INSTRUCTIONS TO FOLLOW: Reproduce the data that follows character for character, but omit its pictures.

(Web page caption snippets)
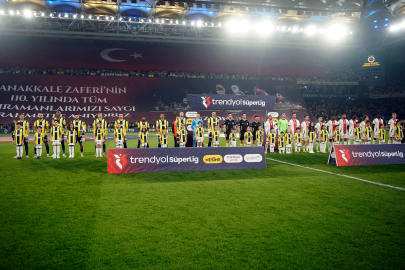 Maç öncesi Çanakkale Şehitleri anıldı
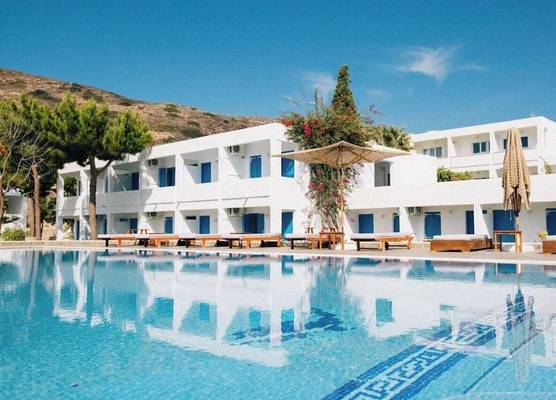 Lagada Beach Hotel 1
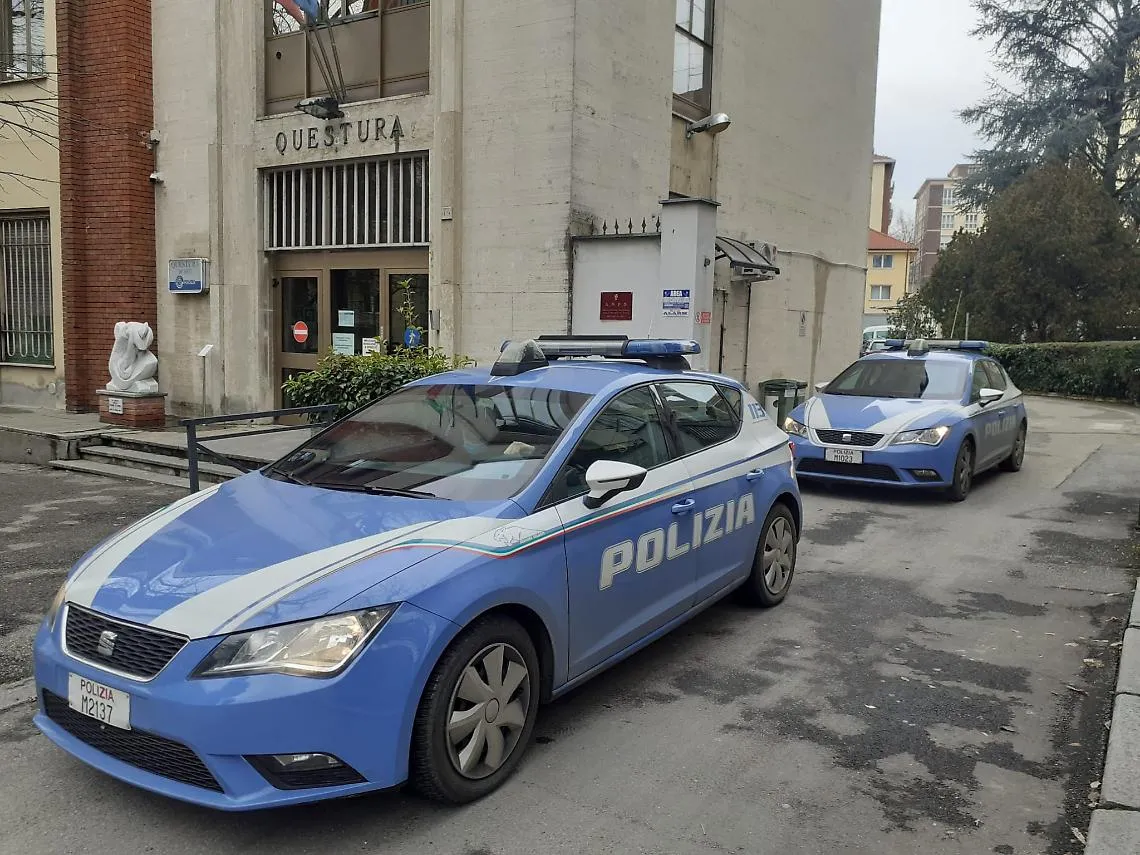 questura volanti 1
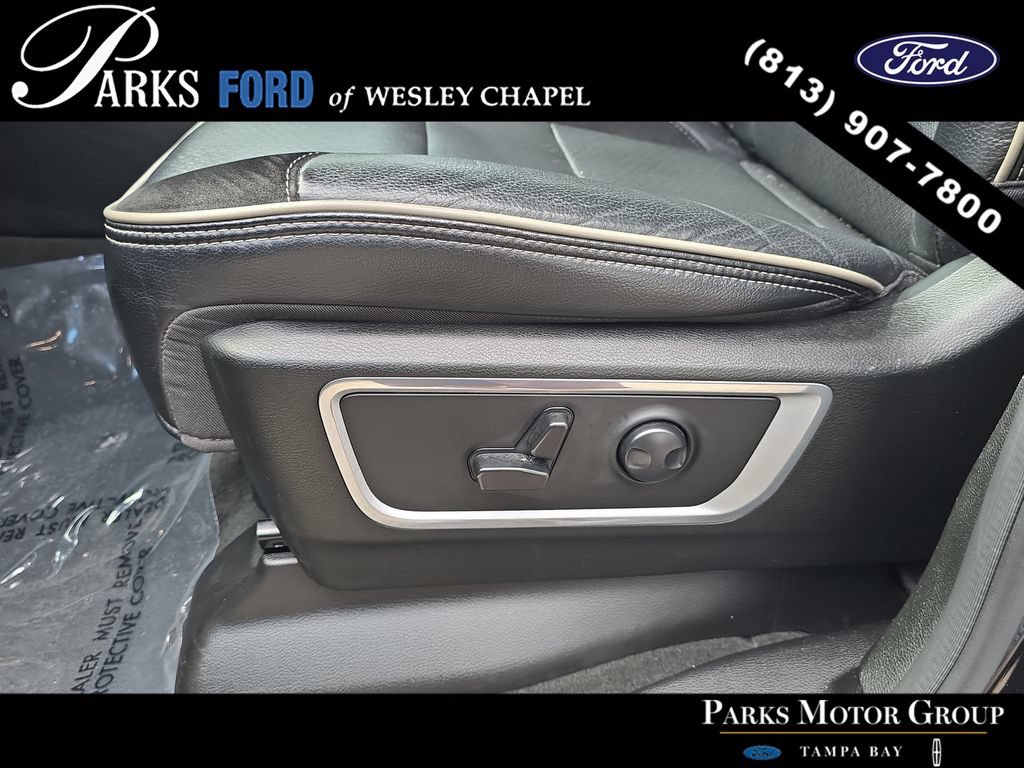 Used 2023 RAM 1500 Laramie AWD/4WD image 19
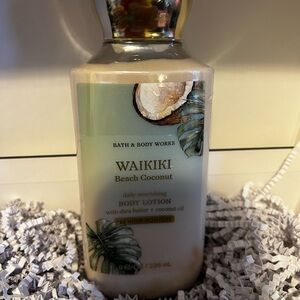 Bath & Body Works Waikiki Beach Coconut Daily Nourishing Body Lotion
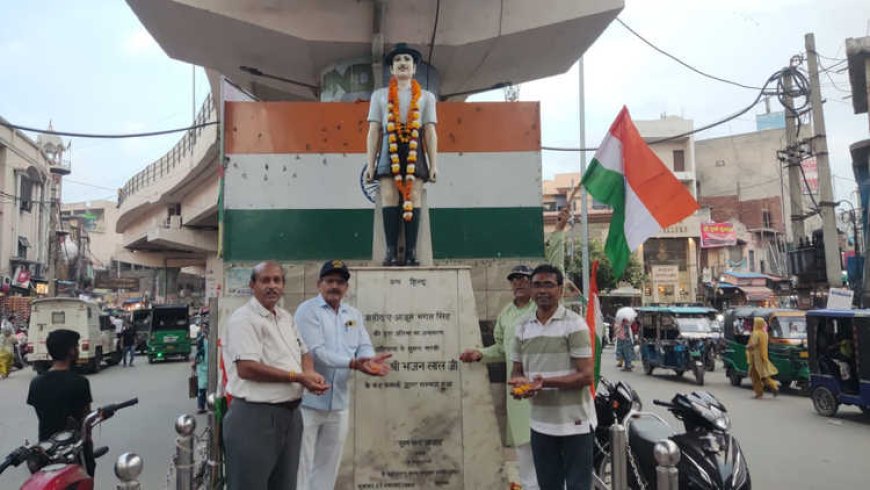 स्वतंत्रता दिवस की पूर्व संध्या पर शहीदों और स्वतंत्रता सेनानियों की प्रतिमाओं पर पुष्पांजलि और दीप  प्रज्ज्वलित अर्पित किये।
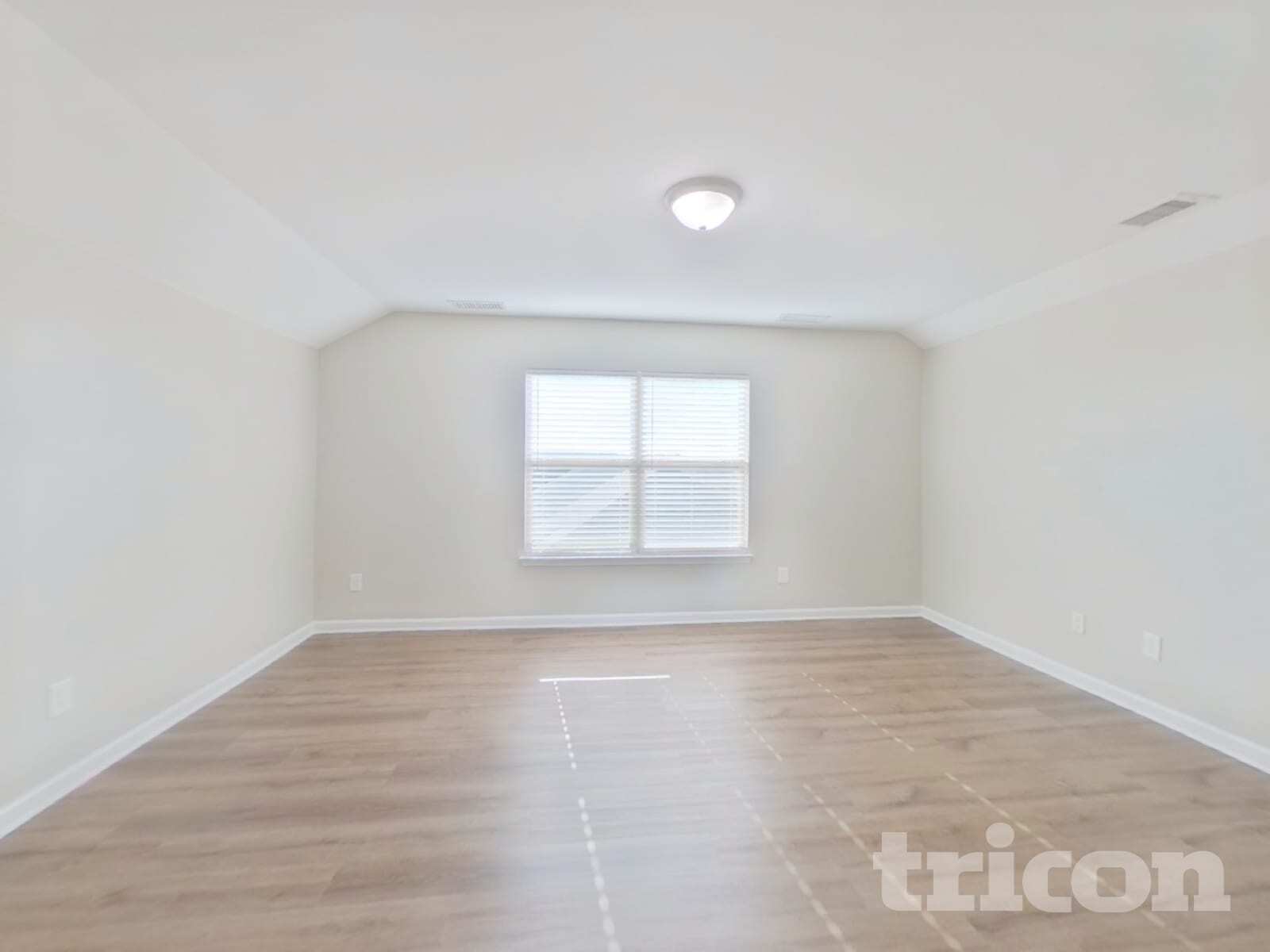 Building Photo - 3019 Burgess Dr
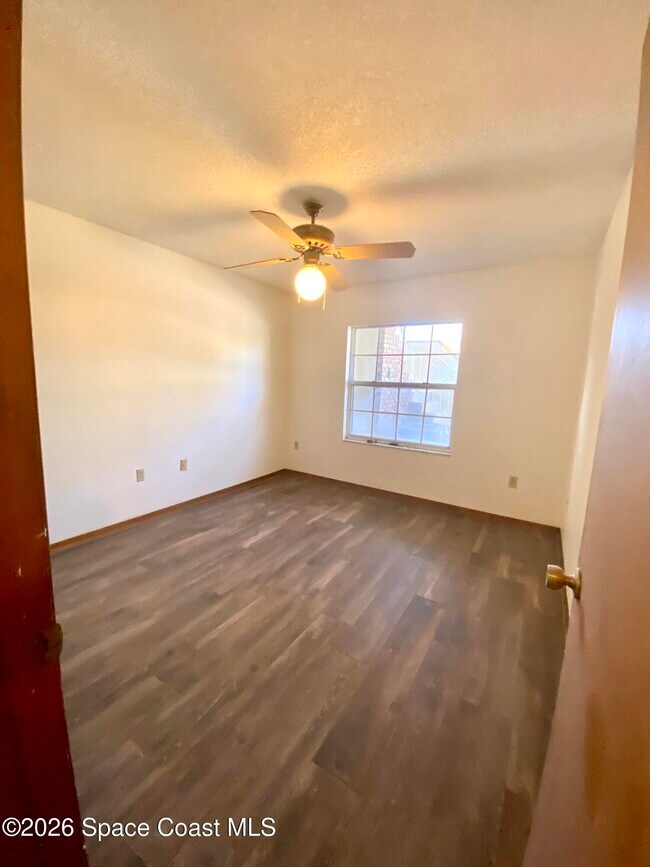 Building Photo - 1600 Woodland Dr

RESULT BELOW:
 Maç öncesi Çanakkale Şehitleri anıldı
 Lagada Beach Hotel 1
 questura volanti 1
 Used 2023 RAM 1500 Laramie AWD/4WD image 19
 Bath & Body Works Waikiki Beach Coconut Daily Nourishing Body Lotion
 स्वतंत्रता दिवस की पूर्व संध्या पर शहीदों और स्वतंत्रता सेनानियों की प्रतिमाओं पर पुष्पांजलि और दीप  प्रज्ज्वलित अर्पित किये।
 Building Photo - 3019 Burgess Dr
 Building Photo - 1600 Woodland Dr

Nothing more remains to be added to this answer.